First of all, the DBT involving Tan's 53.8 million shares was done at a price of 40 sen.
Meanwhile, the open market disposal of Khoo's 20 million shares were done at 55 sen.
This means that the new shareholders cost would rougly be at 44 sen, if not higher.
Why is he paying 44 sen for a loss making and debt laden company?
As of July 31, 2020, the company was in a negative cash position of RM3.99mil.
Furthermore, the company has long term debts of RM4.98mil and short term debts of RM22.01mil.
This means the company has total debts of RM26.99mil.
Sources close to the new major shareholders say the first thing on the agenda is to pare down Saudee's huge debt as soon as possible.
"The new major shareholders want Saudee to be a zero gearing company. That's the priority before thinking about any business expansion. This will save the company lots in terest payments," said the source.
Once that is done, then the new shareholders have plans to turn the business around.
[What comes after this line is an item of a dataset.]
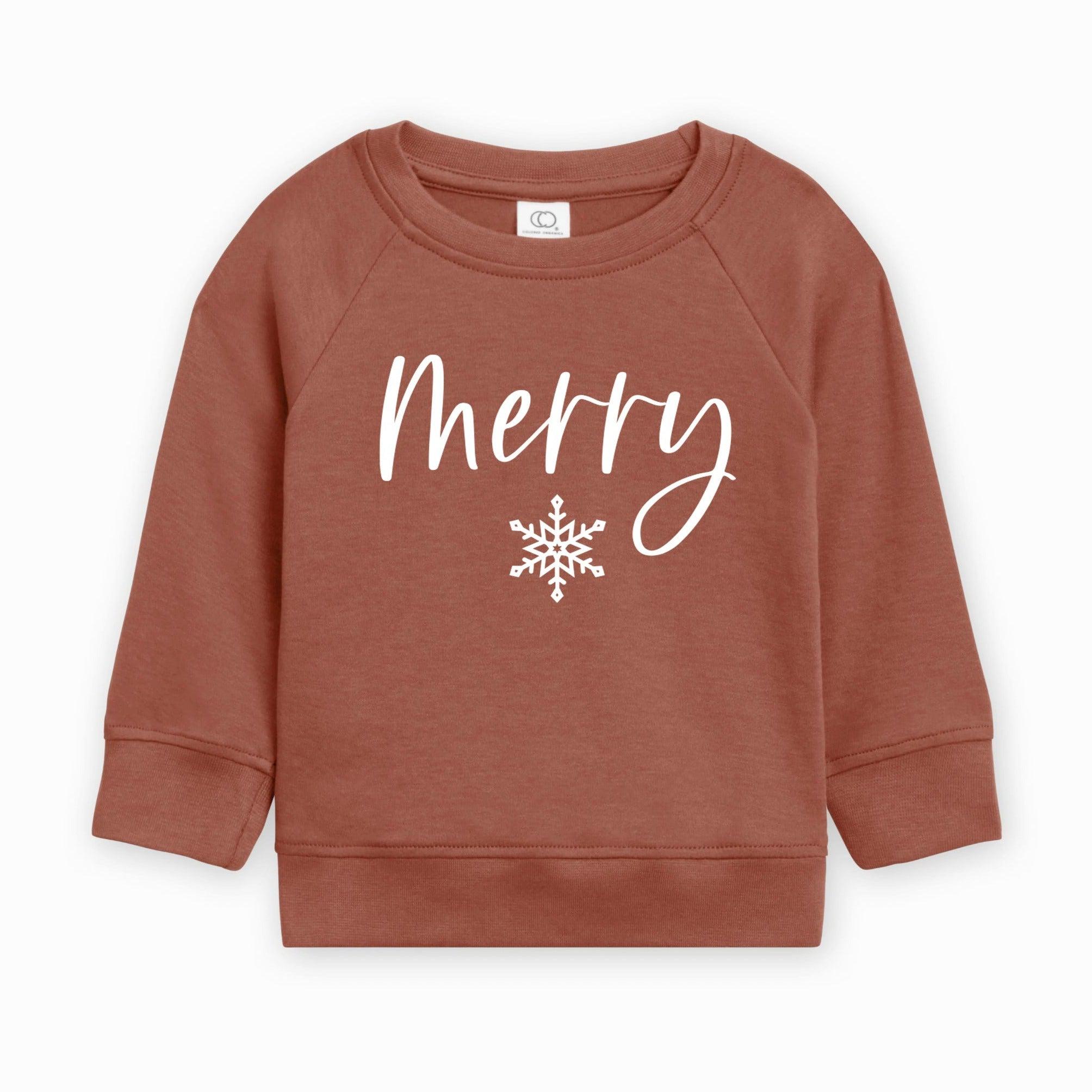 Merry Christmas Snowflake Organic Cotton Baby and Toddler Pullover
They see potential in the food business, and furthermore, Saudee has already secured a few new export markets.
"With an injection of funds, Saudee's Sungai Petani plant can be ramped up, and perhaps by next year, the company will start seeing some contributions from the export markets," said the source.
Worst is Over
On a brighter note, it does appear as if the worst is over for the company.
Saudee had embarked on a huge kitchen sinking exercise, which saw the company record a loss of RM27.78mil for the nine month period to July 31, 2020.
For the third quarter alone, Saudee recorded net losses of RM19.68mil on the back of revenue of RM19.47mil.
In its filing to Bursa, Saudee said that the losses incurred in the third quarter were mainly due to the provision of allowances for slow moving inventories and the write-off of inventories amounting to RM17.40mil and RM25.40mil respectively.
Thus this also implies that the new shareholders are coming in at the tail end of Saudee's impairment and write-off exercise.
With most of the cleanup completed, it will be interesting to see whether Saudee on its own, will be able to turnaround in the coming fourth quarter results.
As it eyes to recover from its losses in the previous years, Saudee aims to transform itself to become the premium food manufacturer in Malaysia and in the Southeast Asian region.
According to its website, the Group is looking at:-
Embarking on an aggressive plan to expand and venture into the Middle East and European markets
Establishing a world class supply chain
Upgrading to the most modern and latest machinery and processes
- Integration of information and communication technology.